Activity: Only the text should be kept: print every entry below exactly and leave each image out.

———

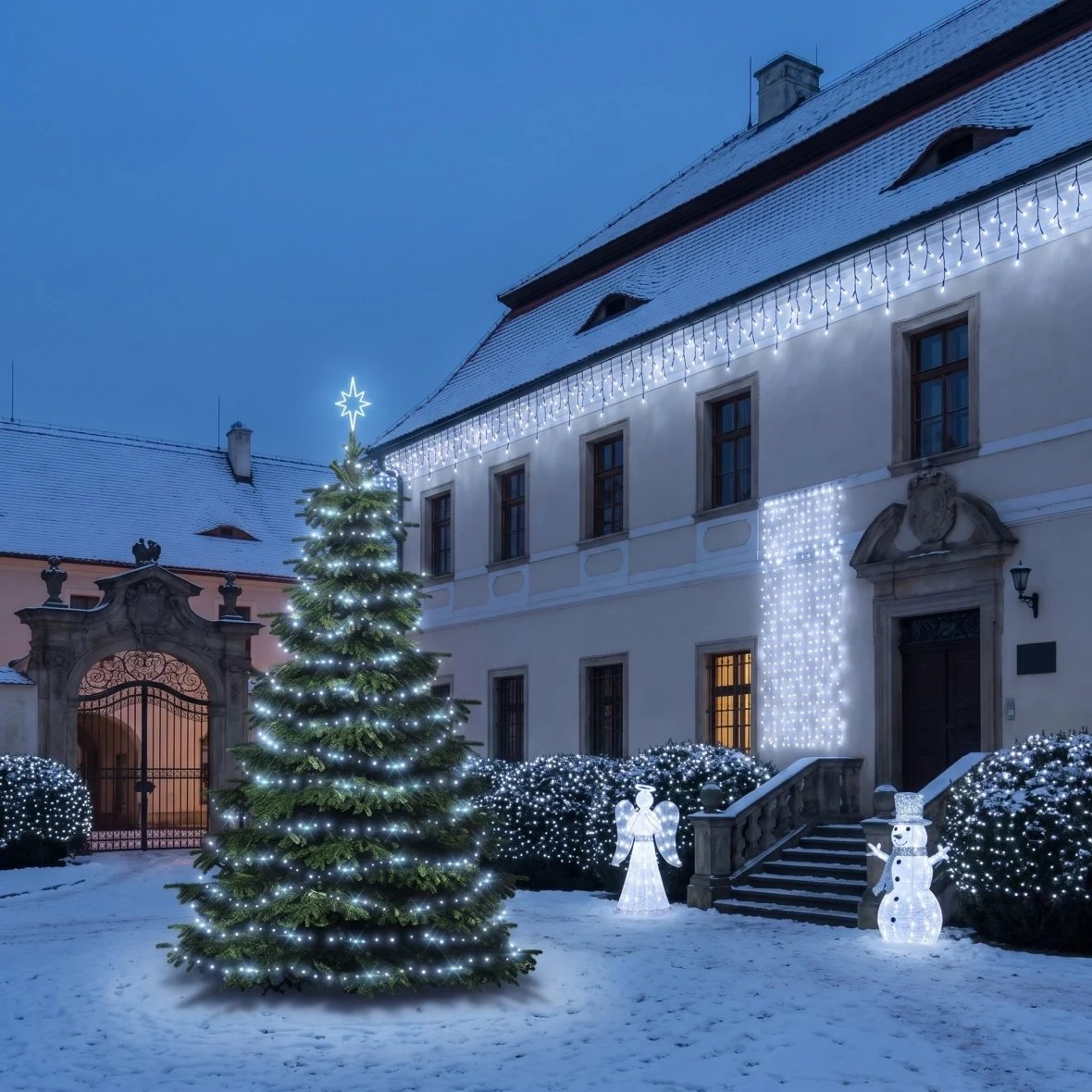 Zestaw świąteczny dla hoteli „Ledový resort”, choinka 6–8 m „Flash”, 15 szt. sopli 3 m, 9 szt. łańcuchów 20 m, anioł 3D LED 122 cm, bałwan 3D LED 107 cm, kolor lodowo-biały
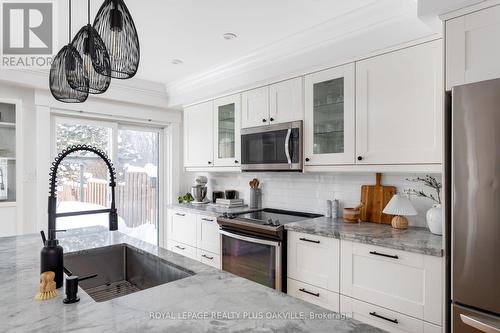 4074 Kryzan Drive, Burlington, ON - Indoor Photo Showing Kitchen With Stainless Steel Kitchen With Upgraded Kitchen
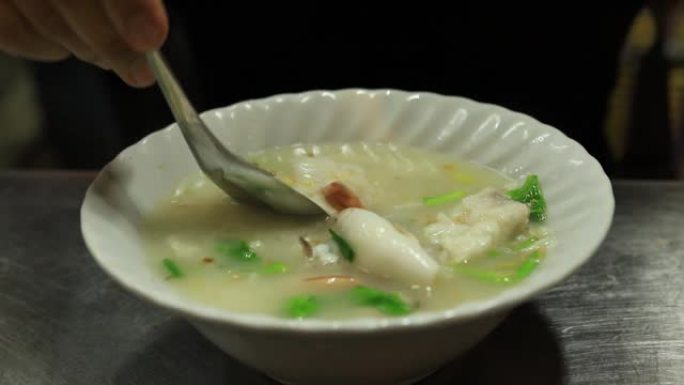 海鲜糊状或海鲜煮饭，传统的亚洲风味食品。
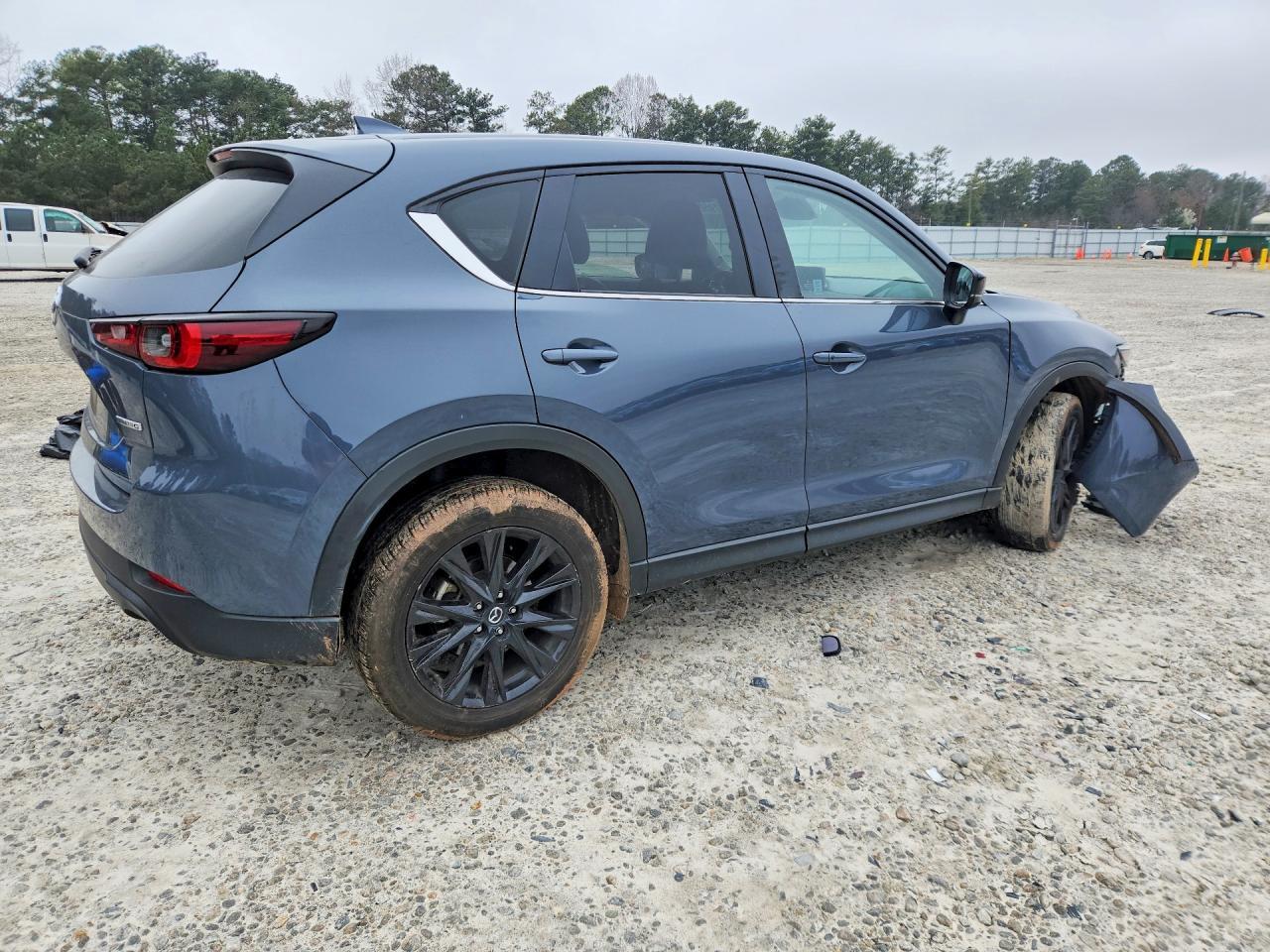 2022 Mazda Cx-5 Preferred - Image 3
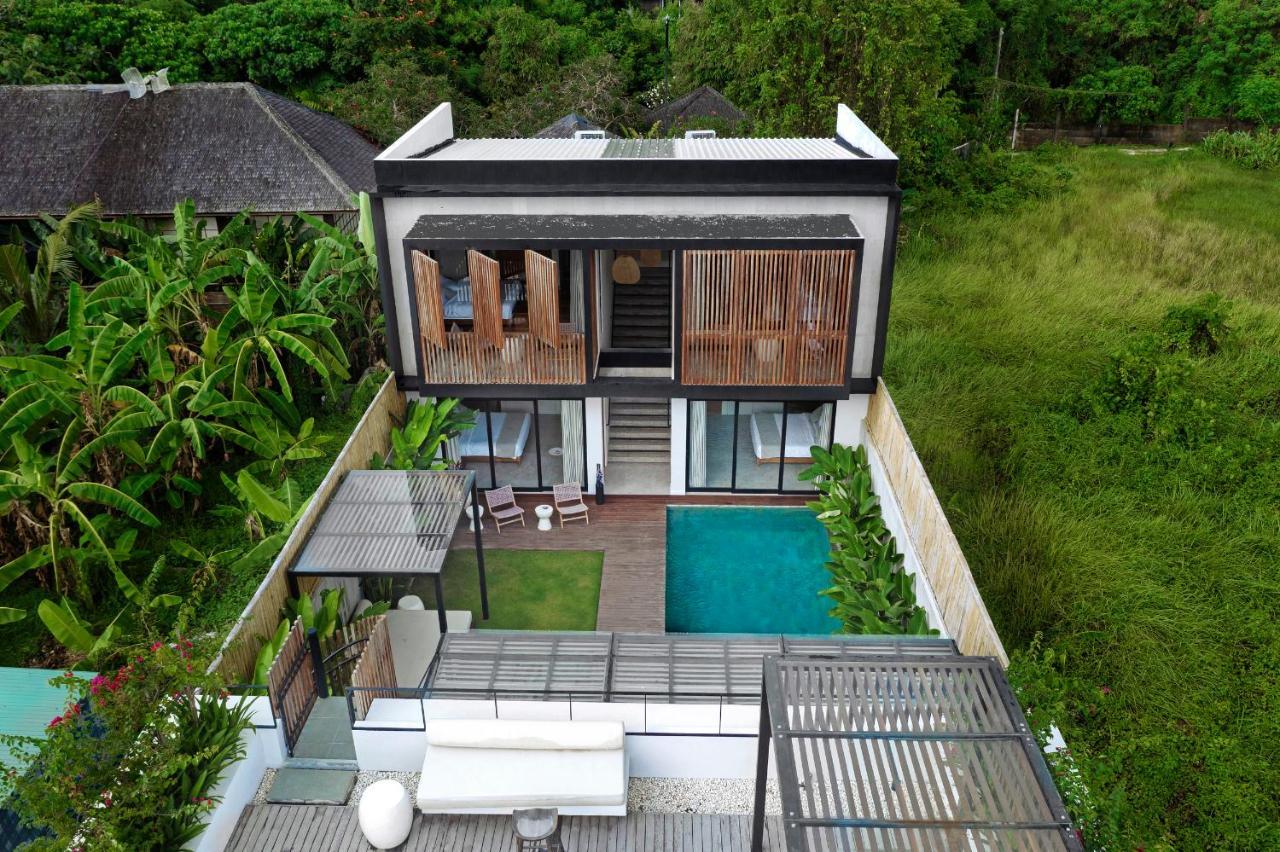 New 4 Bedroom 5 Min Walk To Berawa Beach Enclosed Livng Canggu Εξωτερικό φωτογραφία
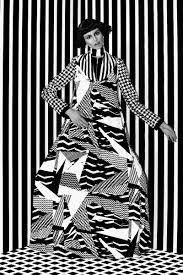 Black And White Fashion Exercice De Style Fashion Photography Art Black White Fashion Black And White Design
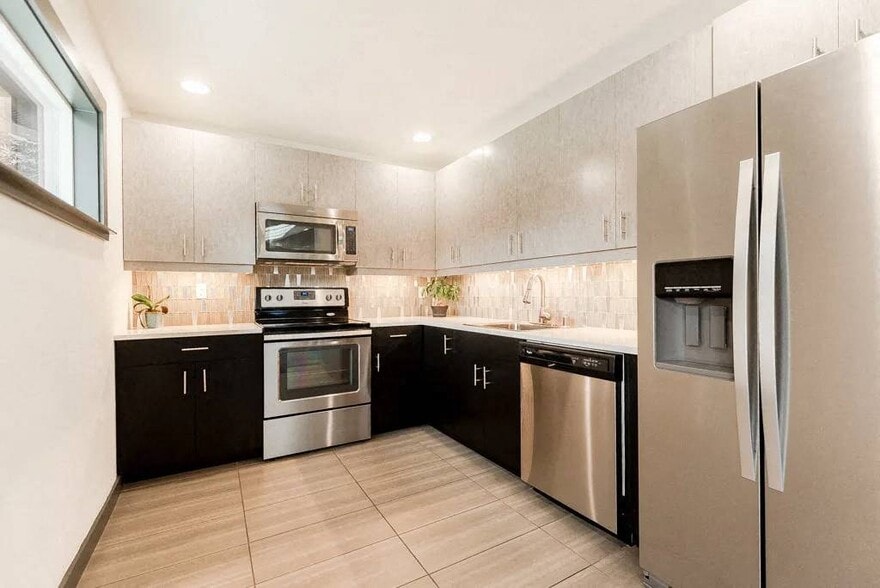 Primary Photo - Ellyson Apartment Homes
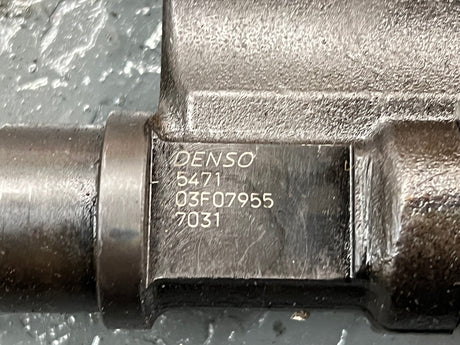 2004 Isuzu 4HK1-TC Denso 5471 / 7031 Fuel Injectors w/ Glow Plugs & Wiring Harness w/ Bolts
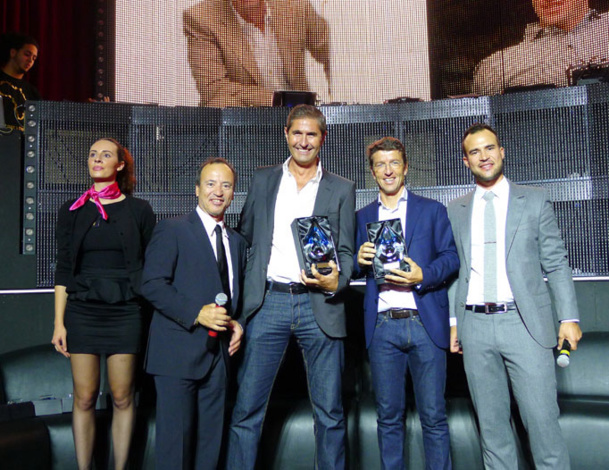 Carlos Da Silva (Odigeo - Ex GO Voyages) et Denis Philippon (Voyage Privé) entourés de Jean et Fabien Da Luz (TourMaG.com) lors de la remise des Trophées TourManager 1998-2013 ! - DR Carlos Da Silva (Odigeo - Ex GO Voyages) et Denis Philippon (Voyage Privé) entourés de Jean et Fabien Da Luz (TourMaG.com) lors de la remise des Trophées TourManager 1998-2013 ! - DR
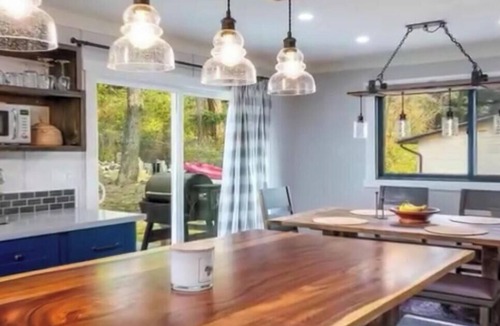 Woods Bay House | Flathead Lake 5 bedroom cottage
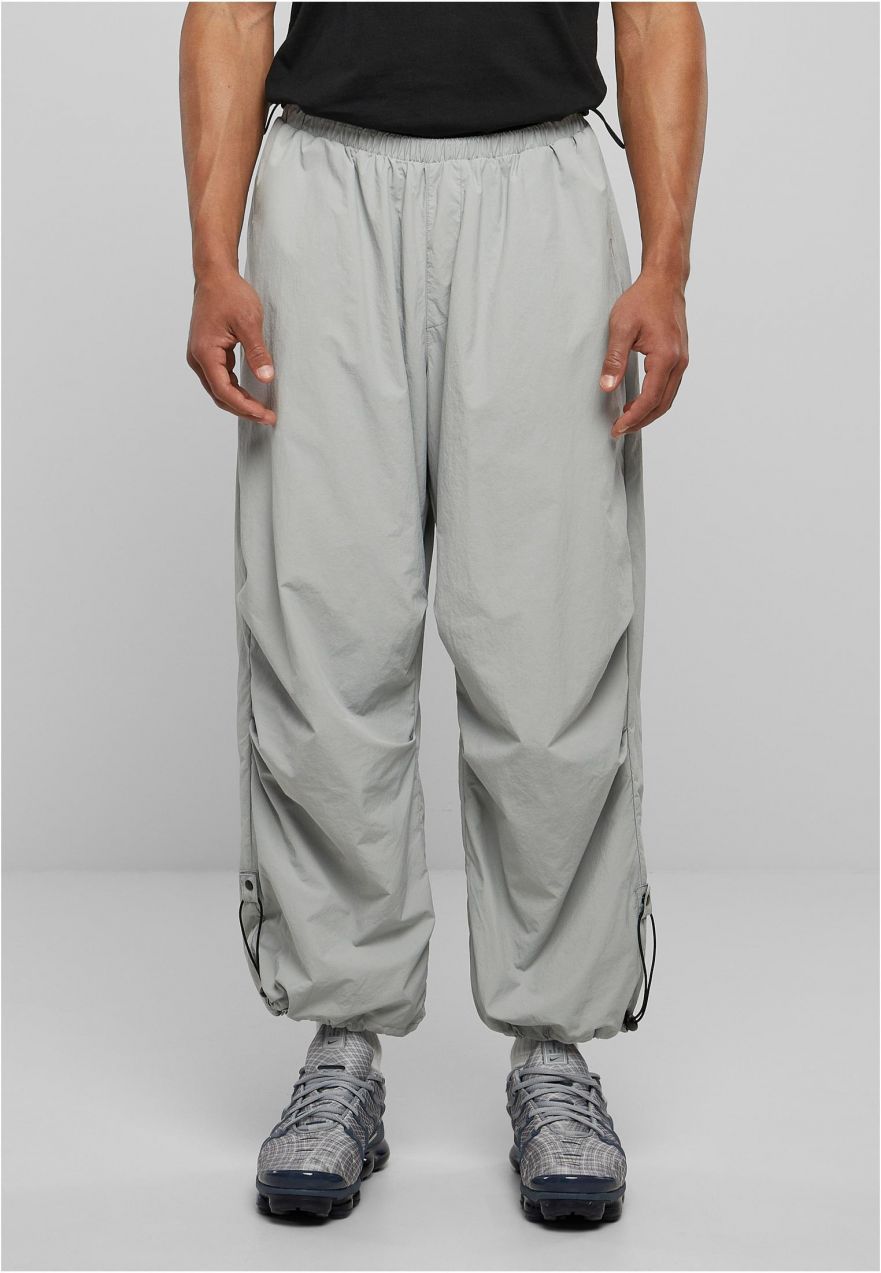 Nylon parachute pants made of light asphalt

———

Solution to this problem:
 Zestaw świąteczny dla hoteli „Ledový resort”, choinka 6–8 m „Flash”, 15 szt. sopli 3 m, 9 szt. łańcuchów 20 m, anioł 3D LED 122 cm, bałwan 3D LED 107 cm, kolor lodowo-biały
 4074 Kryzan Drive, Burlington, ON - Indoor Photo Showing Kitchen With Stainless Steel Kitchen With Upgraded Kitchen
 海鲜糊状或海鲜煮饭，传统的亚洲风味食品。
 2022 Mazda Cx-5 Preferred - Image 3
 New 4 Bedroom 5 Min Walk To Berawa Beach Enclosed Livng Canggu Εξωτερικό φωτογραφία
 Black And White Fashion Exercice De Style Fashion Photography Art Black White Fashion Black And White Design
 Primary Photo - Ellyson Apartment Homes
 2004 Isuzu 4HK1-TC Denso 5471 / 7031 Fuel Injectors w/ Glow Plugs & Wiring Harness w/ Bolts
 Carlos Da Silva (Odigeo - Ex GO Voyages) et Denis Philippon (Voyage Privé) entourés de Jean et Fabien Da Luz (TourMaG.com) lors de la remise des Trophées TourManager 1998-2013 ! - DR Carlos Da Silva (Odigeo - Ex GO Voyages) et Denis Philippon (Voyage Privé) entourés de Jean et Fabien Da Luz (TourMaG.com) lors de la remise des Trophées TourManager 1998-2013 ! - DR
 Woods Bay House | Flathead Lake 5 bedroom cottage
 Nylon parachute pants made of light asphalt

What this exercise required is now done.